One of our great foodie friends, who wishes to remain anonymous, but whose initials are Amy Blair, said to us recently: “ELV….”
ELV said: “What?”
Amy said: “ELV, it seems to me that you really love Asian food for your everyday eating out.”
ELV said: “Why yes we do, Almost Anonymous Amy, because it’s the best, tastiest, most flavorful food you can eat for a small amount of money. The bang for the buck is tremendous…and you’re eating waaaay healthier than you will in any American or European-style restaurant. Take for example, the newly opened Da Sheng restaurant….”

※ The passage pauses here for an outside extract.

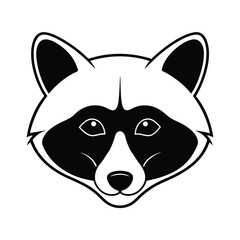 High resolution raccoon head silhouette graphic perfect for logos banners and advertisements available in various color modes including cmyk and grayscale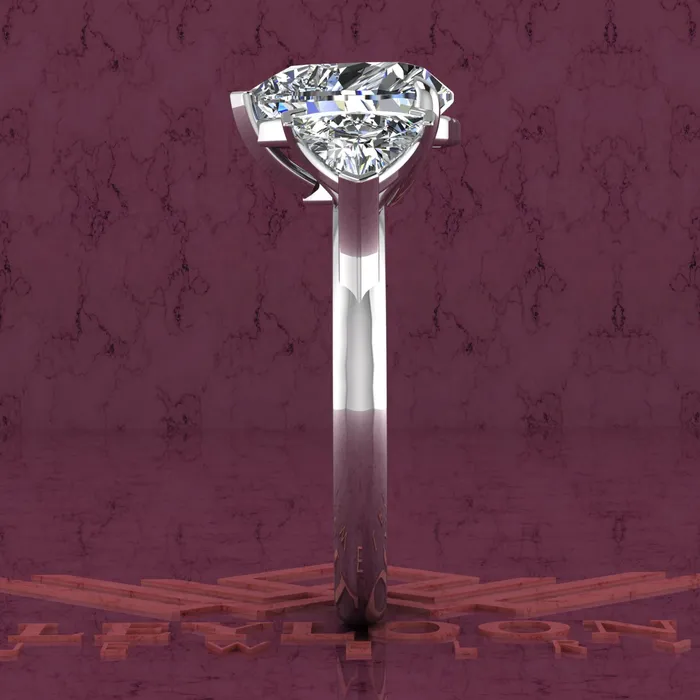 Leyloon Jewelry Rings 42 CTW Heart Cut ThreeStone D Color Basket Moissanite Ring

“Tell me more,” said Amy Blair.
And so we will.
Da Sheng is located in the original shopping mall (opened in 1992) in the original Chinatown Plaza. You can’t see it from the street and you have to walk around the back of the first floor to find it. Like most Chinatown restaurants, you will have difficulty finding anything on the menu costing more than fifteen bucks, with most items under ten.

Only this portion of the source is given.